### Exercise directions
Please return only the lines between the line with "现货8cm天然色真毛兔皮毛球逗猫丰容玩具有橡皮筋皮草挂件配饰" and the final line of the entries, both included, and exclude pictures.
Top of Dataset records
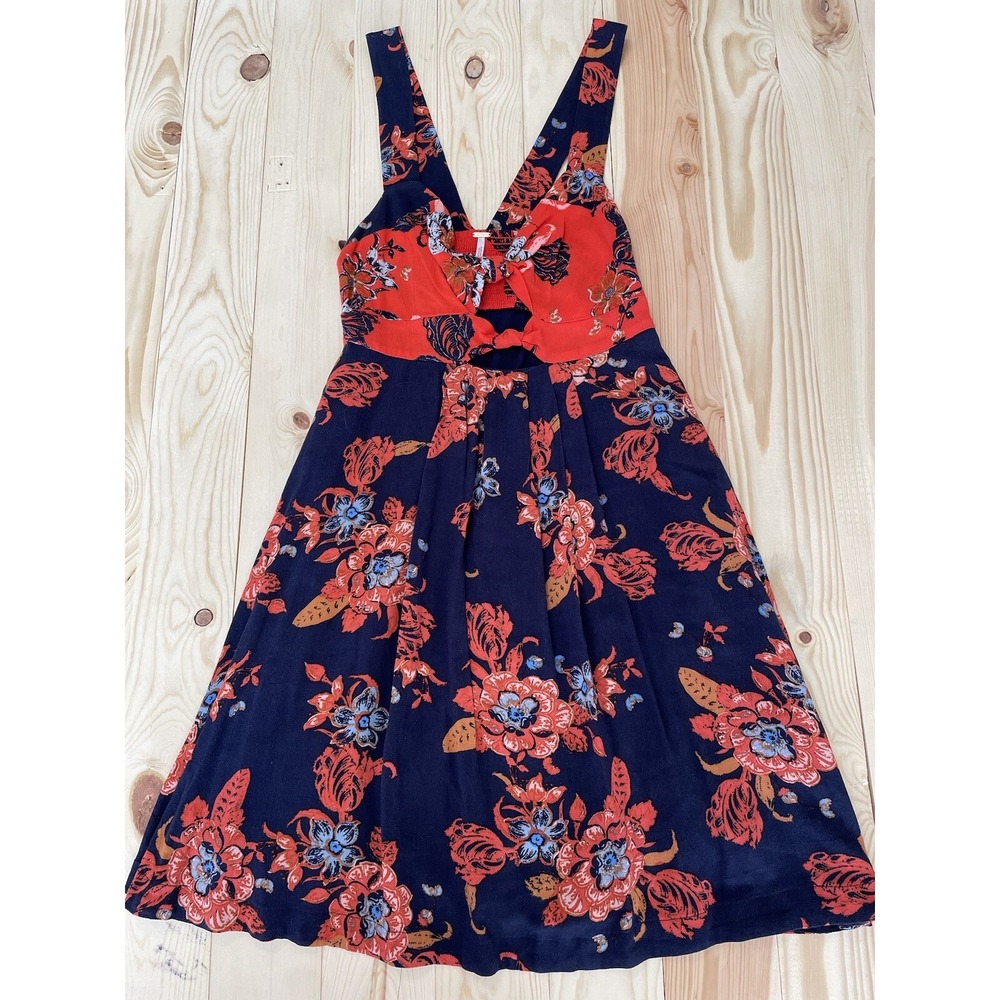 FREE PEOPLE Sz XS BABY IT'S YOU FLORAL PRINT V-NECK DRESS NAVY SI8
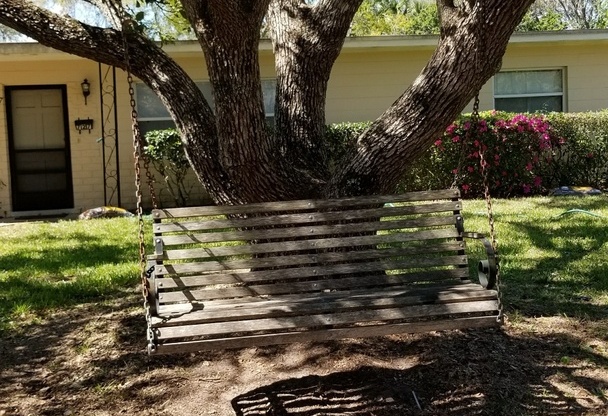 Three bedroom 2 Bath in Winter Park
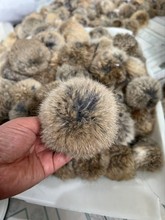 现货8cm天然色真毛兔皮毛球逗猫丰容玩具有橡皮筋皮草挂件配饰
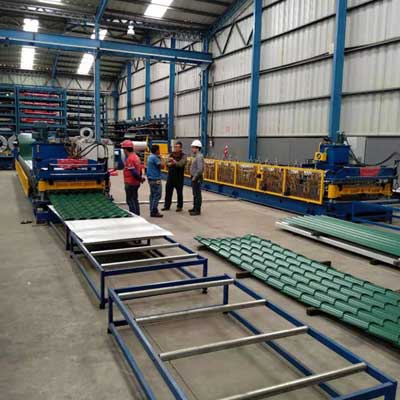Guatemalan customer -Roof Tile Roll Forming Machine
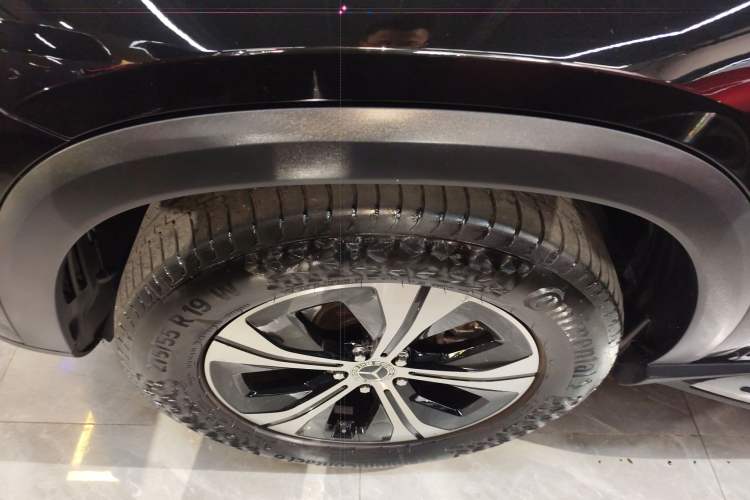 Used Mercedes-Benz GLE 2023 GLE 350 4MATIC Dynamic Edition Left Front Wheel Hub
Bottom of Dataset records
### Task output
 现货8cm天然色真毛兔皮毛球逗猫丰容玩具有橡皮筋皮草挂件配饰
Guatemalan customer -Roof Tile Roll Forming Machine
 Used Mercedes-Benz GLE 2023 GLE 350 4MATIC Dynamic Edition Left Front Wheel Hub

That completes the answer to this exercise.